What is a Visionist?

"A visionist is an artist, a creator or an individual that sees beyond what is visible to the eyes and brains of human beings. Visionists are thinkers, they are the recognisable brains in soociety, but most times they are seen as absurd, "nerds" and misfits – they just don't fit into the societies. They are people with great dreams and minds."

The English Wikipedia

Monday, January 31, 2011

Solutions for Egypt

I have been watching with fascination the popular revolution taking place in Egypt during all my non-working, non-sleeping hours. I now remember why I like CNN: it offers the most comprehensive and continuous information on an ongoing crisis of any TV news network. What has become quite clear from watching the ongoing drama in Cairo, much as it was clear in Tunisia, is that a critical turning point in history is taking place. And to my relief, in the most volatile and dangerous part of the world--what Zbigniew Brezinski once called "the Arc of Crisis"--a truly democratically inspired revolution is taking place.

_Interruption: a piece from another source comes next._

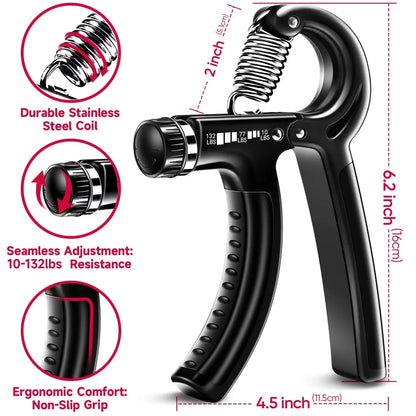 5-60Kg Adjustable Grip Strength Trainer with Finger Exerciser Hand Grip Strengthener for Muscle Building and Injury Recover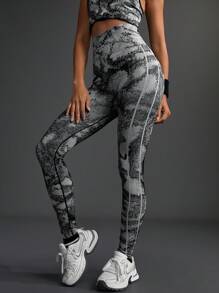Gameset SHEIN Sport Damskie legginsy outdoorowe z losowym nadrukiem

This raises the question of US foreign policy in the face of this crisis. The US is historically a revolutionary power. The first democratic revolution in history, the American Revolution inspired democratic transformation across the world, first in Europe and then in Latin America. The US also inspired what the late Samuel P. Huntington called the "Third Wave" of democratization that swept the Third World beginning in the 1970s. However, Huntington was also the coiner of the concept of the "Clash of Civilizations." So the question for US policy is whether we believe that the operating principle in the emerging transformation of the Middle East and North Africa is Huntington's theory of the spread of democracy or his concept of the spread of Islamic fundamentalism.

The answer to that question should be coming from those making the revolution itself. There is no or little anti-Americanism, Islamic fundamentalism or even Islamic language coming out of the demonstrators in Cairo and other Egyptian cities. What I see is mostly young people, middle class people, students whose main chant is the removal of a dictator named Mubarak. The US is clearly concerned that it may be about to lose a bulwark for stability and peace in the volatile Middle East. We held our nose while supplying his regime with billions in economic and military assistance. Indeed, we have done in the Middle East what we abandoned as a policy thirty years ago in Latin America: the support of friendly military dictatorships. In Latin America, such friendships were rooted in the Cold War and fear of the spread of the Cuban Revolution. In the Middle East it was strategic interests surrounding the importance of petroleum resources, the Suez Canal and the Arab-Israeli Conflict and more recently the spread of Islamic fundamentalism and terrorism from within its midst.

However, now is the time for a strategic shift in policy. There is little the US can do to change history in this case. But we do run the risk of coming out against the thrust of history to the detriment of our own position when the dust settles over the rolling revolution taking place. No doubt the Mubarak administration is more resilient than the Tunisian dictatorship. It may or may not find itself suddenly ousted. But it inevitably will give way to a new political system in Egypt.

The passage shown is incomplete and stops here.